TASK TO CARRY OUT >> Copy every line from the one that holds "くじ引き特賞：無双ハーレム権　１３　　パッケージ" to the end of the records below, exactly and with nothing else, but without any pictures.

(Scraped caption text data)
....

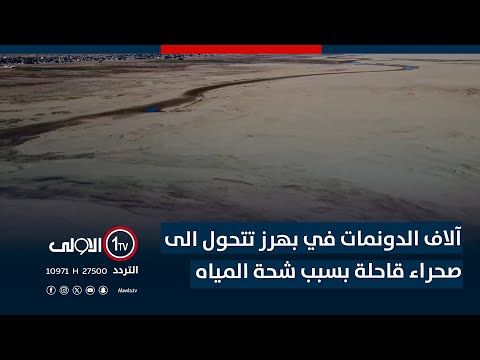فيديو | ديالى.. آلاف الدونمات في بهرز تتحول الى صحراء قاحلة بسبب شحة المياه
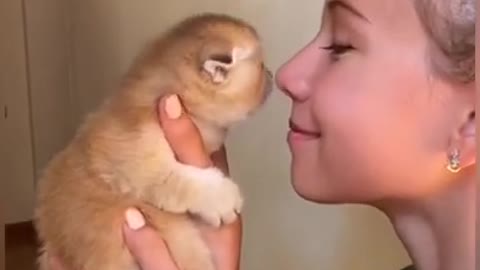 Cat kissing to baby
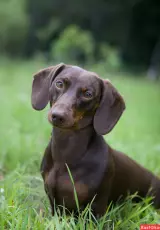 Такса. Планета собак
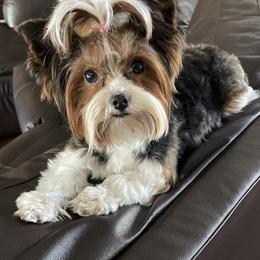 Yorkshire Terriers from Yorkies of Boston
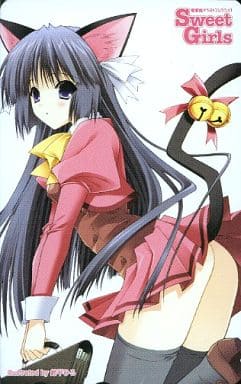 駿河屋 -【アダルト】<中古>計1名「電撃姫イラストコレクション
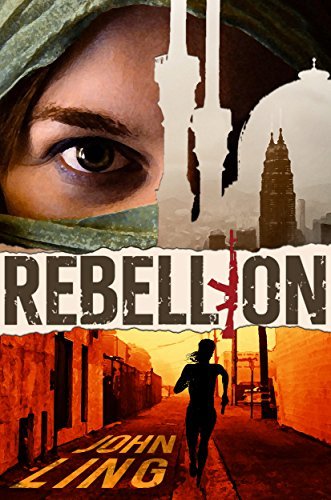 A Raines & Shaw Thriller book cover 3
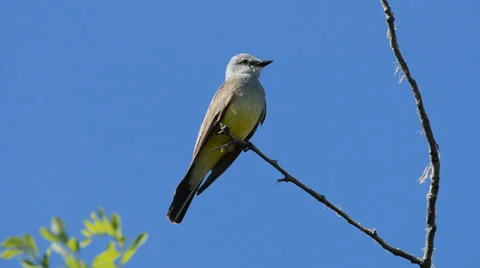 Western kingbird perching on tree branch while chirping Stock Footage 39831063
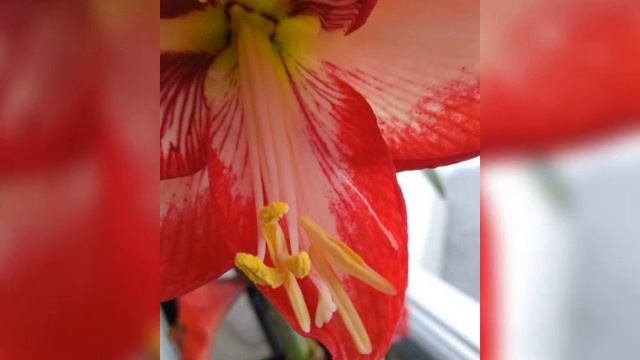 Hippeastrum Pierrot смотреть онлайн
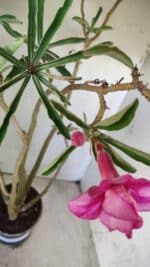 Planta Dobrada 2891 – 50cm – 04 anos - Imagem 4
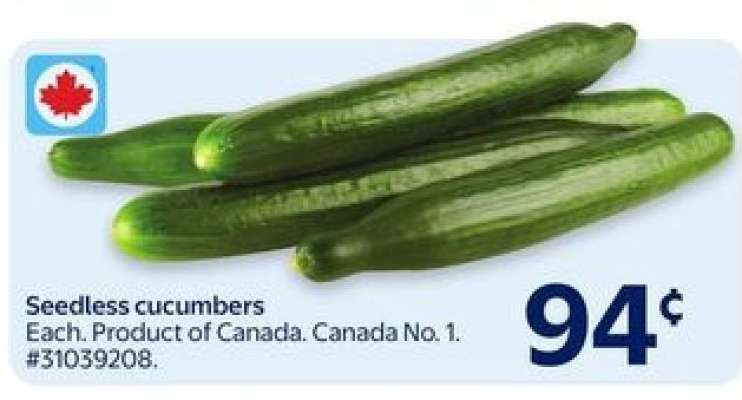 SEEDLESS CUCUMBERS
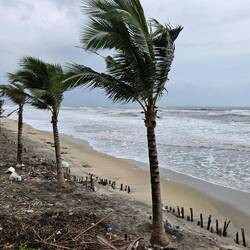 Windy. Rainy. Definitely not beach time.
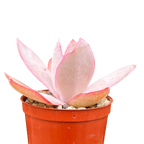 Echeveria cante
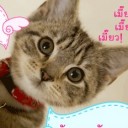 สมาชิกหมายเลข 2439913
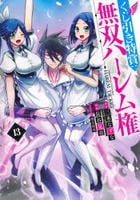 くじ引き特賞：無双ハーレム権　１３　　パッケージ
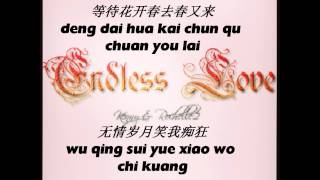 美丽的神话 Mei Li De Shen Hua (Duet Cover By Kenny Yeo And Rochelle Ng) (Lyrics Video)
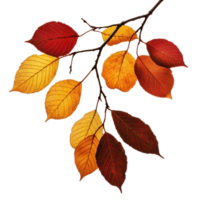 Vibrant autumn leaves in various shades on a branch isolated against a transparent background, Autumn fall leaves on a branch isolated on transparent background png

....

RESPONSE AREA >>
 くじ引き特賞：無双ハーレム権　１３　　パッケージ
 美丽的神话 Mei Li De Shen Hua (Duet Cover By Kenny Yeo And Rochelle Ng) (Lyrics Video)
 Vibrant autumn leaves in various shades on a branch isolated against a transparent background, Autumn fall leaves on a branch isolated on transparent background png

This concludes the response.